** RECORDS SUPPLIED **
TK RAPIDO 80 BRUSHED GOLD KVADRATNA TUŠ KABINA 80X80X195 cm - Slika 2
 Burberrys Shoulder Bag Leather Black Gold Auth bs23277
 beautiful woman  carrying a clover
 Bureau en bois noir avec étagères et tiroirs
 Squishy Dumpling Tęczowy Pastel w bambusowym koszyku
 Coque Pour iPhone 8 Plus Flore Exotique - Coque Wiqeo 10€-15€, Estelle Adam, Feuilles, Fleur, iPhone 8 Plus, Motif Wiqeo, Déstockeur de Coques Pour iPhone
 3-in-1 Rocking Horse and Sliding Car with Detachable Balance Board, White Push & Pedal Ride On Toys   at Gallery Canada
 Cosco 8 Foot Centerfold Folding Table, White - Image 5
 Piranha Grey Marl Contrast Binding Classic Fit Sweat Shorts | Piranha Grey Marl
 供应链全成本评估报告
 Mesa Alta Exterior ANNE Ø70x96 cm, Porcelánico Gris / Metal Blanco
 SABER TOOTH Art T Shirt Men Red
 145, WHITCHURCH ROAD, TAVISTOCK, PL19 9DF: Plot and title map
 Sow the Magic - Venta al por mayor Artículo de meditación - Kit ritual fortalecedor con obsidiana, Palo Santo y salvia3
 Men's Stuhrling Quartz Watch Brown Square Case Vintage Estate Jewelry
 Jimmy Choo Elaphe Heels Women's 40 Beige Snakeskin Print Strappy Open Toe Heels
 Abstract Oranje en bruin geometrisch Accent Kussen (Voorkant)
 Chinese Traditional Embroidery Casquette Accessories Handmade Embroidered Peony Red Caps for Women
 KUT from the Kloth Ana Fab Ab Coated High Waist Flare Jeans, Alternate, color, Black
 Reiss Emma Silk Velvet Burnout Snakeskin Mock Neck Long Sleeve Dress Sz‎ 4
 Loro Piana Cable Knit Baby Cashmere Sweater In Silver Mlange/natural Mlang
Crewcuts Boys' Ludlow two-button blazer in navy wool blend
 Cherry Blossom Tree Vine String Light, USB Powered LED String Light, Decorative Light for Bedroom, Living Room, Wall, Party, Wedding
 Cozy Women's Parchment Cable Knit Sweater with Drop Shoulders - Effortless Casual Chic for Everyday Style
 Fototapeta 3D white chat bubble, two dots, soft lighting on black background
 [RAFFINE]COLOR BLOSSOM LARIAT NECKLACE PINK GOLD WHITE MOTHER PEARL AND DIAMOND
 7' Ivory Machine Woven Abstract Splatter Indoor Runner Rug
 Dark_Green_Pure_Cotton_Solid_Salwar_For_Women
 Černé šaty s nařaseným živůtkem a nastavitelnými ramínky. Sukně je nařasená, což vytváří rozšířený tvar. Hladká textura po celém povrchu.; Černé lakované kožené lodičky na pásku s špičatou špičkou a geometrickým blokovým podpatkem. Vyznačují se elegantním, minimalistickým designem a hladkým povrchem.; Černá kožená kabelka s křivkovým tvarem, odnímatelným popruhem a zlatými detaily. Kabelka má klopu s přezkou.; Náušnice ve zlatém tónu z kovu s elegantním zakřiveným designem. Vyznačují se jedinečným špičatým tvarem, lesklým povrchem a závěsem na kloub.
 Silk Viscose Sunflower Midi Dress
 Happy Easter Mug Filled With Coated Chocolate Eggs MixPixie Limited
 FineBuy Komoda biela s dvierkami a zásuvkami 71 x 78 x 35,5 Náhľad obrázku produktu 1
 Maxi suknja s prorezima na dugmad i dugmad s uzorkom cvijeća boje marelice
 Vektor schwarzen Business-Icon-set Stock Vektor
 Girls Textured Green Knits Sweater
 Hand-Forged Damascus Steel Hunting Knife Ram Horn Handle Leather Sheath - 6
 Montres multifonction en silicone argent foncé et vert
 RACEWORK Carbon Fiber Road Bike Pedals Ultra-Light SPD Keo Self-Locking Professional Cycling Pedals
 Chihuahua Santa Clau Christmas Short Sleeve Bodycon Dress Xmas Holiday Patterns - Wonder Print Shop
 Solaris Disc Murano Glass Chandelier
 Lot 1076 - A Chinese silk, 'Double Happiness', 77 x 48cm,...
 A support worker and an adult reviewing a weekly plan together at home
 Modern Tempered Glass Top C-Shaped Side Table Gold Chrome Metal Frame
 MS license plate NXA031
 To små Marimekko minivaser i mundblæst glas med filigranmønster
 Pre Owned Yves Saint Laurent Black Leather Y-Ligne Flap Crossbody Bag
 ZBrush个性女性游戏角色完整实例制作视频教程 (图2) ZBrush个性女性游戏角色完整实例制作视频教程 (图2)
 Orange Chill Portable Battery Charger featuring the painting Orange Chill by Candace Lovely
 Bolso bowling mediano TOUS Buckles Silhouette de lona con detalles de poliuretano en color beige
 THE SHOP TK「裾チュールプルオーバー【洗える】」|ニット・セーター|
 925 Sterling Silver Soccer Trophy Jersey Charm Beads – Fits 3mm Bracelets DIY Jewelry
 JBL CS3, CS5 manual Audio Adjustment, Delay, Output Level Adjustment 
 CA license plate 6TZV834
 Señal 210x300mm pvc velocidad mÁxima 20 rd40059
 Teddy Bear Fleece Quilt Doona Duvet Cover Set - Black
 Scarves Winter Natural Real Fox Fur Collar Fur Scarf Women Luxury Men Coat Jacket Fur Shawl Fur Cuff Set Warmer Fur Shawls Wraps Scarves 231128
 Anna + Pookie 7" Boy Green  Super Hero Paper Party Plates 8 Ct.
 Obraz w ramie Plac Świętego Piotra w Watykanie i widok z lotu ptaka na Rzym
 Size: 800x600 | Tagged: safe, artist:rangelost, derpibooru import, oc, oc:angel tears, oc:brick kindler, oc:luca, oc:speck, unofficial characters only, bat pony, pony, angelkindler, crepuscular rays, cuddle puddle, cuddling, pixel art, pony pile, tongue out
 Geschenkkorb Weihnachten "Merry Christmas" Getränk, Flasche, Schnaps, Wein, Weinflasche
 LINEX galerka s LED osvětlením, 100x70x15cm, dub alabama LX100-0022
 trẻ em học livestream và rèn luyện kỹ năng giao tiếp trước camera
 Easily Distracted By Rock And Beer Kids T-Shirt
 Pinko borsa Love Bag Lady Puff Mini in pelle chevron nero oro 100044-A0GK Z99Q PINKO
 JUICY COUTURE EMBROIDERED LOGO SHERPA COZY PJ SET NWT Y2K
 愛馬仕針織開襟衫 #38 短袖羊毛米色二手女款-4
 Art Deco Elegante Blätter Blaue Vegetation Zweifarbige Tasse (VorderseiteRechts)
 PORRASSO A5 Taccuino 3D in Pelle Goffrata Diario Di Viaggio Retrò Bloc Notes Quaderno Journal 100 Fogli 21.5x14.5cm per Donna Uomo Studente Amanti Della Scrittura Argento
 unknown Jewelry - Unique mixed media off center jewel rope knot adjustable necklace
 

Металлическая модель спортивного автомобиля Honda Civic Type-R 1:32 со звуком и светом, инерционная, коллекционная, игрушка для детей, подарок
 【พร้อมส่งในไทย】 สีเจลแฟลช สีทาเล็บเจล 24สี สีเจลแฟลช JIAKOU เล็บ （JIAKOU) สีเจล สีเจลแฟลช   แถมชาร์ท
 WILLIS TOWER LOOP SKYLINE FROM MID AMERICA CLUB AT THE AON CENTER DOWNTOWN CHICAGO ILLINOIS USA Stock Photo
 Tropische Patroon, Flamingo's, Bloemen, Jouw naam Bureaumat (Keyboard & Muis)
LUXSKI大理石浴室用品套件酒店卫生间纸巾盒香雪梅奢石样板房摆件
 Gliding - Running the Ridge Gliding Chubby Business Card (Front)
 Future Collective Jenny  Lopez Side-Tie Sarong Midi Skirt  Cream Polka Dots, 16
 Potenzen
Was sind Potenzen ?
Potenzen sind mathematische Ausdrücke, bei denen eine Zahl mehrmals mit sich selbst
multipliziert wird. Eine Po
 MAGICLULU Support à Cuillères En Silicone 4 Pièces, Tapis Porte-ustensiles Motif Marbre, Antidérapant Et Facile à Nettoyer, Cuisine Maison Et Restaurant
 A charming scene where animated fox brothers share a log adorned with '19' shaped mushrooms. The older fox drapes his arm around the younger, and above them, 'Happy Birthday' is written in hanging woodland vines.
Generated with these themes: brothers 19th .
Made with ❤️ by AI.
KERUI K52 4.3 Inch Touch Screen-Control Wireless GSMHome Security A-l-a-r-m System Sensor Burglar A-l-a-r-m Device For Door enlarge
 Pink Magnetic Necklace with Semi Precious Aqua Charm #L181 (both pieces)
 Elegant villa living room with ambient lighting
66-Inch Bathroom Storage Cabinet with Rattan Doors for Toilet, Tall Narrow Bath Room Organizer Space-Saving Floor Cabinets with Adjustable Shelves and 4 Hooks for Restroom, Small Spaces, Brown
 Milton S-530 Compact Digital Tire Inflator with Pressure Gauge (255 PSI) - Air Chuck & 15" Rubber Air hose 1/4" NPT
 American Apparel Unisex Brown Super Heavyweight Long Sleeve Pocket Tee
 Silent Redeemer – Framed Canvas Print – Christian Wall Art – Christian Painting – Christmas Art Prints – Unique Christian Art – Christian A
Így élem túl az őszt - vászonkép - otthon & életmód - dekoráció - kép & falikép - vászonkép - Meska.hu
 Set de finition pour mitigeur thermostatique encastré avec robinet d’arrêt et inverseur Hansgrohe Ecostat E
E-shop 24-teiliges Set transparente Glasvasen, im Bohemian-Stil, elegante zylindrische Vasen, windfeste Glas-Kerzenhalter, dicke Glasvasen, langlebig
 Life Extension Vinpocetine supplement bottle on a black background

** WHAT YOU WILL DO **
In the data above, find the line that contains "Easily Distracted By" and the line that contains "Art Deco Elegante". Repeat exactly those lines and every line between them, and only those.

** RESULT OF THIS TASK **
 Easily Distracted By Rock And Beer Kids T-Shirt
 Pinko borsa Love Bag Lady Puff Mini in pelle chevron nero oro 100044-A0GK Z99Q PINKO
 JUICY COUTURE EMBROIDERED LOGO SHERPA COZY PJ SET NWT Y2K
 愛馬仕針織開襟衫 #38 短袖羊毛米色二手女款-4
 Art Deco Elegante Blätter Blaue Vegetation Zweifarbige Tasse (VorderseiteRechts)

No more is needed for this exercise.